The three rods shown in the figure have identical dimensions. Heat flows from the hot end at a rate of $40\text{W}$ in the arrangement (a). Find the rate of heat flow when the rods are joined as in the arrangement shown in (b).
[Assume $K_{AI}=200{\text{W/m}}^{\circ }\text{C}$ and $K_{cu}=400{\text{W/m}}^{\circ }\text{C}$]

• A. $75\text{W}$
• B. $400\text{W}$
• C. $180\text{W}$
• D. $4\text{W}$

Answer 1

The correct option is B $400\text{W}$

Let the area of cross-section of each rod be $A$ and length be $L$.

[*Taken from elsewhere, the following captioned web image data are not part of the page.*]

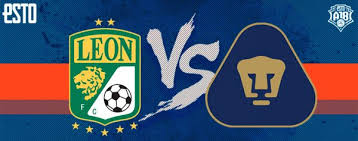 León y pumas se han medido en 30 ocasiones, con 13 triundos para la fiera, 12 para los capitalinos y cinco igualadas. Leon Vs Pumas Horario Fecha Y Transmision Jornada 8 Apertura 2018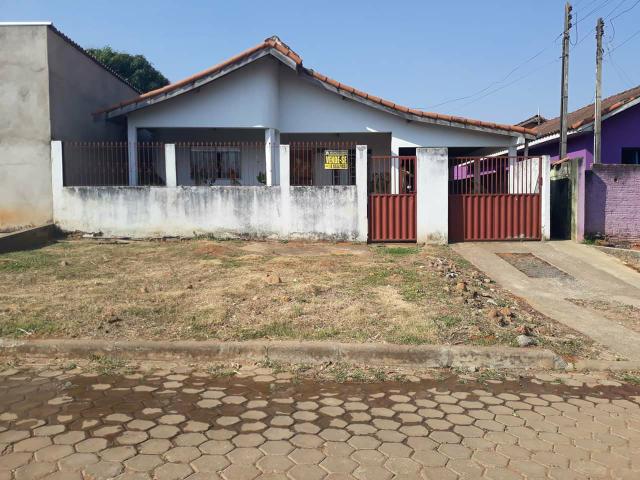 Vendo casa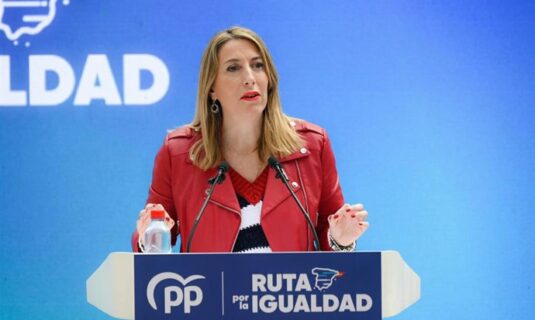 cesado el chofer y familiar de maria guardiola tras conocerse que fue condenado por violencia de genero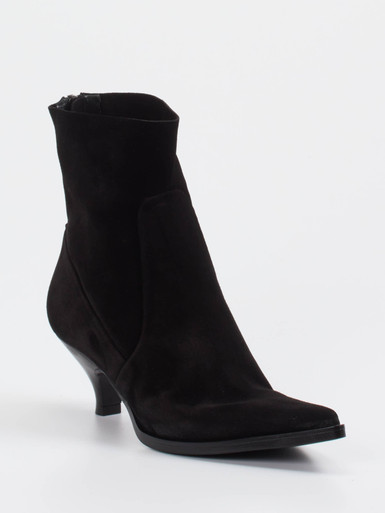Stiefelette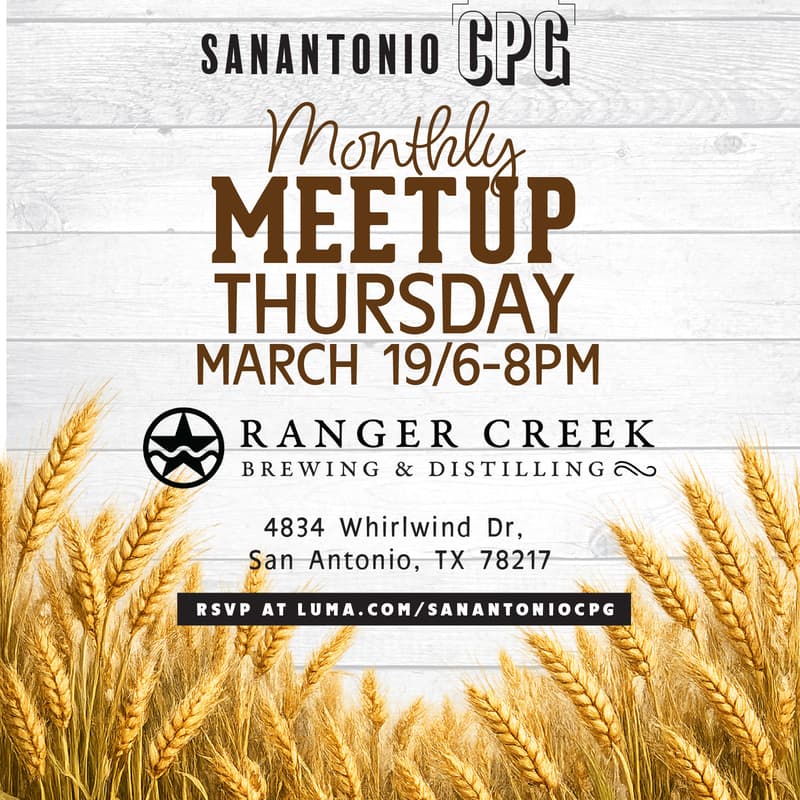 Cover Image for MeetUp!: Ranger Creek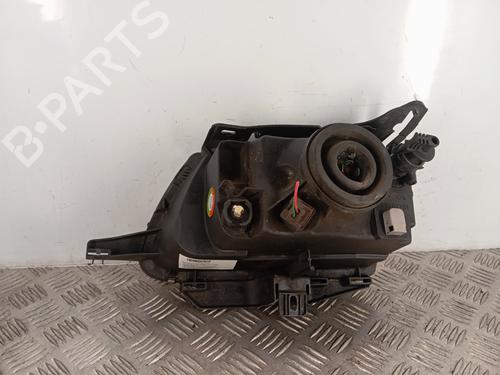 Used Right headlight Right headlight 34295554 34295554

Case (a) When the rods are connected in series.
So each rod would have a heat resistance of $R=\frac{L}{KA}$
Since the rods are connected in series,
$R_{eff}=R_1+R_2+R_3=\frac{L}{K_{Al}A}+\frac{L}{K_{Cu}A}+\frac{L}{K_{Al}A}$
But, $R_{eff}=\frac{3L}{K_{eq}A}$
$\therefore$ We can write the above equation as
$\frac{3}{K_{eq}}=\frac{1}{K_{Al}}+\frac{1}{K_{Cu}}+\frac{1}{K_{Al}}$
$\Rightarrow \frac{3}{K_{eq}}=\frac{1}{200}+\frac{1}{400}+\frac{1}{200}=0.0125{\text{W/m}}^{\circ }\text{C}$
We know that, rate of heat flow $H=\frac{K_{eq}A(T_2-T_1)}{3L}$
$\Rightarrow H=\frac{A\times 100}{L\times 0.0125}$
$\Rightarrow H=\frac{8000\times A}{L}$
Given, $H=40\text{W}$
Thus, $\frac{A}{L}=0.005\dots \left(1\right)$

(b) When the rods are connected in parallel,
$\frac{1}{R_{eff}}=\frac{1}{R_1}+\frac{1}{R_2}+\frac{1}{R_3}$
But, $R_{eff}=\frac{L}{K_{eq}\times 3A}$
$\Rightarrow 3K_{eq}=K_{Cu}+2K_{Al}$
$\Rightarrow K_{eq}=(400+400)/3=\frac{800}{3}{\text{W/m}}^{\circ }\text{C}$
We know that, rate of heat flow
$H=\frac{K_{eq}\times 3A(T_2-T_1)}{L}$
​​​​​​​From the figure, we can say that
$H=\frac{800\times 3A\times 100}{3L}$
$\Rightarrow H=800\times 0.005\times 100$ (using (1))
$\Rightarrow H=400\text{W}$
Thus, option (b) is the correct answer.